In [1]:
import pandas as pd
import urllib
import tempfile
import shutil
import zipfile
import os

os.chdir('/Users/joesh/neural_colab_filtering/')
archive_url = f'http://files.grouplens.org/datasets/movielens/ml-1m.zip'
wd = os.getcwd()

with urllib.request.urlopen(archive_url) as url:
    with tempfile.NamedTemporaryFile(delete=True) as f:
        shutil.copyfileobj(url, f)
        with zipfile.ZipFile(f.name) as archive:
            archive.extractall(f'{wd}/datasets')


In [2]:
import torch
device = torch.device('cpu') if not torch.backends.mps.is_available() else torch.device('mps')
print(device)

mps


In [3]:
ratings = pd.read_csv('datasets/ml-1m/ratings.dat', sep='::', engine = 'python', 
                        header=None,
                        names=['user_id', 'movie_id', 'rating', 'timestamp'])

ratings.head()

Unnamed: 0,user_id,movie_id,rating,timestamp
0,1,1193,5,978300760
1,1,661,3,978302109
2,1,914,3,978301968
3,1,3408,4,978300275
4,1,2355,5,978824291


In [4]:
import source.model as model
import source.data as data

import torch.nn as nn

# Create a dataset object

dataset = data.filmDataset( ratings['user_id'].values, ratings['movie_id'].values, 
                            ratings['rating'].values)

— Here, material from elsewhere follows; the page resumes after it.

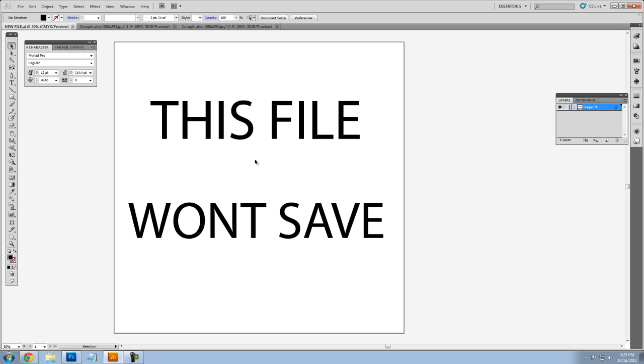Also, another good thing to remember is when you're working with multiple documents, make sure that those documents aren't open in any other programs like Photoshop or Paint, because that could be causing the error message to pop up.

mod = model.NCF(ratings.user_id.nunique(), ratings.movie_id.nunique(), dropout_rate=0.2)

In [5]:
# Create a dataloader object

from torch.utils.data import DataLoader
train_set_size = int(0.9 * len(dataset))
test_set_size = len(dataset) - train_set_size

trainset, testset = torch.utils.data.random_split(dataset, [train_set_size, test_set_size])

train_set_size = int(0.8 * len(trainset))
valid_set_size = len(trainset) - train_set_size

train_set, valid_set = torch.utils.data.random_split(trainset, 
                       [train_set_size, valid_set_size])

train_loader = DataLoader(train_set, batch_size=1024, shuffle=True, drop_last= False)
valid_loader = DataLoader(valid_set, batch_size=1024, shuffle=False, drop_last=False)
test_loader = DataLoader(testset, batch_size=1024, shuffle=False, drop_last=False)

# Create a loss function and an optimizer
#loss_module = nn.MSELoss()
#optimizer = torch.optim.Adam(mod.parameters(), lr=0.01)

In [6]:
import json

def _get_config_file(model_path, model_name):
    #Name of the file for storing hyperparameter details
    return os.path.join(model_path, model_name+ ".config")

def _get_model_file(model_path, model_name):
    #Name of the file for storing network parameters
    return os.path.join(model_path, model_name+".tar")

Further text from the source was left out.